Após uma madrugada regada a champanhe e charutos, a comissão decidiu aliar artistas da esquerda literária a grupos terroristas sobre os quais vinham lendo nos jornais (como a Giovani Italia, a Carboneria e a Munkács). A ironia por detrás do evento é que “estes grupos constituíram movimentos políticos organizados, capazes de mobilizar ações militares e golpes de Estado. Imaginar que um punhado de jovens escritores poderia ser comparado a tais organizações, sobretudo em sua capacidade de oferecer perigo real ao governo, era fruto de uma paranoia generalizada”.(1) De qualquer forma, aquela foi uma ocasião única em que todo um capítulo na história da literatura terminou à base da canetada, da noite para o dia.

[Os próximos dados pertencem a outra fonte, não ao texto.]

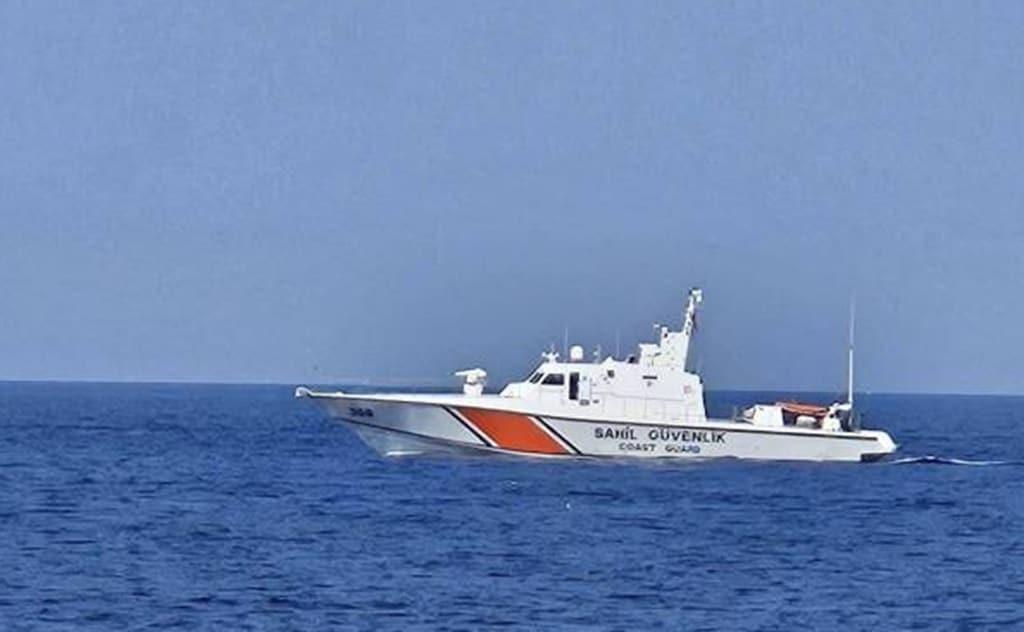 Βίντεο ντοκουμέντο απόπειρας τουρκικής ακταιωρού να βουλιάξει ελληνικό αλιευτικό στο Αγαθονήσι 1 aktaioros alieis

A partir de 1835, Heinrich Heine (futuro amigo de Marx), Karl Gutzkow, Ludwig Börne e demais escritores se viram na necessidade de se exilarem ou pararem de escrever de uma vez por todas. A maior parte optou pelo exílio.
Este foi o início do fim para toda uma era da literatura e, como Marx constataria mais tarde, o início de uma nova fase de censura no país. Junto à Gazeta Renana (Rheinische Zeitung), um jornal bastante eclético sediado em Colônia, o filósofo entrou em contato com duas experiências que se tornariam constantes por toda sua vida adulta. A primeira foi a constatação de que era dono de uma prosa jornalística contundente. A segunda, que a resposta para o que tinha a dizer, quase invariavelmente, seria a censura. Em várias ocasiões, seu jornalismo provocaria os donos do poder a ponto de impeli-lo ao exílio junto de sua família — primeiro a Paris, depois a Bruxelas, depois a Londres. Com uns poucos artigos sobre a miséria vivida pelo campesinato e a liberdade de imprensa, a Gazeta Renana passou a sofrer constantes pressões por parte das autoridades. Em 17 de março de 1843, o proprietário, tentando salvar a reputação do jornal, afastou o redator-chefe Karl Marx de seu cargo.
Esta foi a primeira ocasião em que o jovem doutor em filosofia se confrontou ativamente com a realidade política e econômica, deixando de se ocupar com o pensamento de pré-socráticos ou com a metafísica de Hegel para se voltar aos dados brutos da vida contemporânea. Foi com investigações jornalísticas que Marx (e mais tarde Engels) se deparou com antagonismos da sociedade capitalista de perto, desenvolvendo conceitos centrais de sua obra (mais-valor, alienação, luta de classes, dependência). “As investigações feitas para escrever seus artigos [...] o comprometeriam com uma realidade que se encontrava mais para além dos muros da universidade”, escreve Mario Espinoza Pino.(2) Foi essa experiência que o fez romper com os jovens hegelianos, muitos deles ainda crentes no desenvolvimento orgânico do Estado prussiano rumo à liberdade do espírito. Marx, por sua vez, chegou à conclusão de que a opinião pública, além das necessidades populares em si, estavam divorciadas das instituições disponíveis, do próprio formato do Estado prussiano. Seria preciso uma ruptura completa com as tradições políticas alemãs caso o povo quisesse se emancipar. Foi baseado nessa nova conclusão, adquirida após o conflito dentro do corpo editorial da Gazeta Renana, que Marx se uniu a um novo empreendimento jornalístico com o amigo Arnold Ruge.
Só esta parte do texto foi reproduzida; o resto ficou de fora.